'''
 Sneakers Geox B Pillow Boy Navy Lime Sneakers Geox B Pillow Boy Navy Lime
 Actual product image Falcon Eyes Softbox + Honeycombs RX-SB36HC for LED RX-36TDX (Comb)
'''
'''
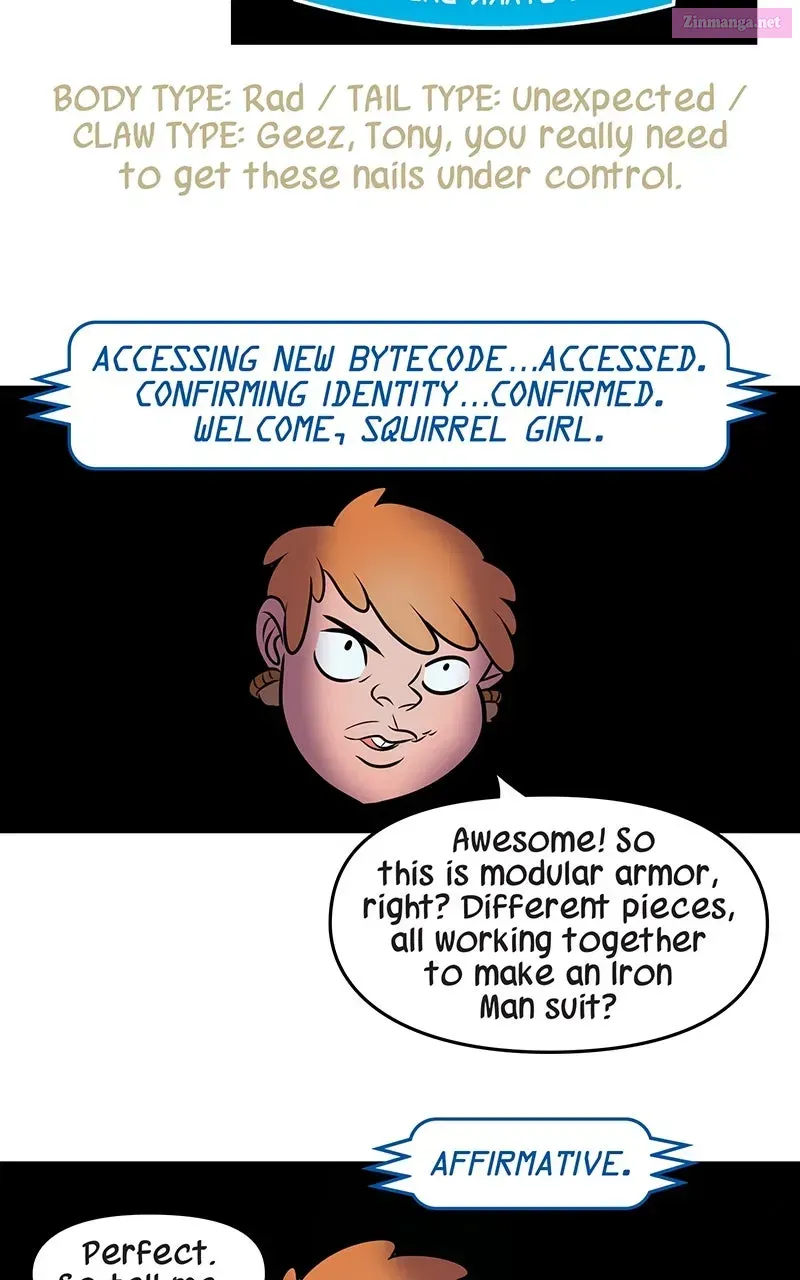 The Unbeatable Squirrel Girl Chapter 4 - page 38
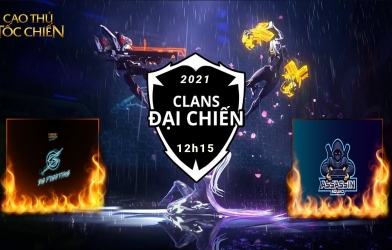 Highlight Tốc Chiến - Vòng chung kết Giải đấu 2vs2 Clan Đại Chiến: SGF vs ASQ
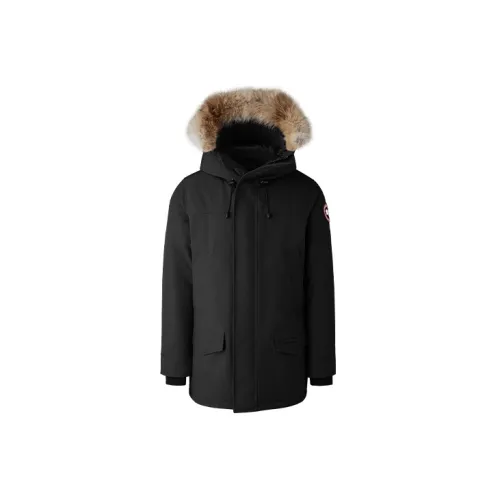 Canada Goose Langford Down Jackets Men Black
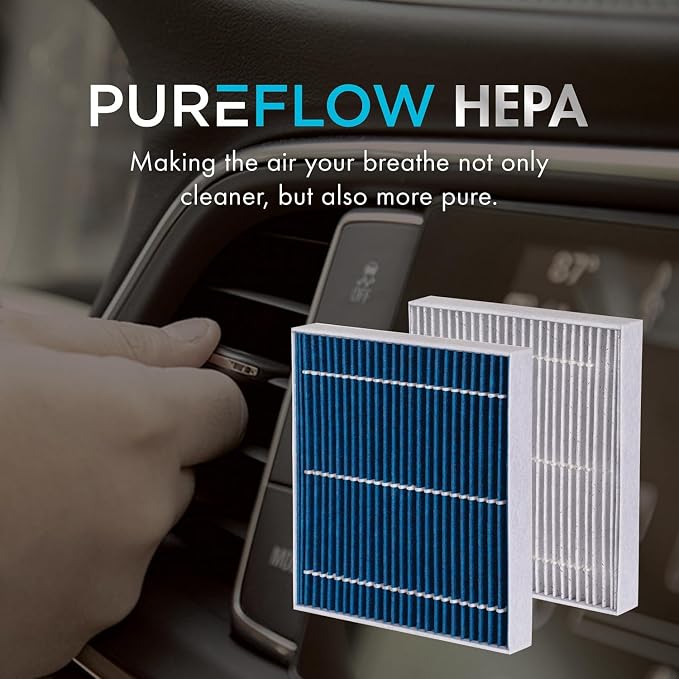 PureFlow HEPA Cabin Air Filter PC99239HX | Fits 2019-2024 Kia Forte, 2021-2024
'''
> [Task prompt]:
An exact copy of the lines above between the line holding "Sneakers Geox B Pillow Boy Navy Lime Sneakers" and the line holding "Actual product image", inclusive, is the whole answer.

> [Result for this exercise]:
 Sneakers Geox B Pillow Boy Navy Lime Sneakers Geox B Pillow Boy Navy Lime
 Actual product image Falcon Eyes Softbox + Honeycombs RX-SB36HC for LED RX-36TDX (Comb)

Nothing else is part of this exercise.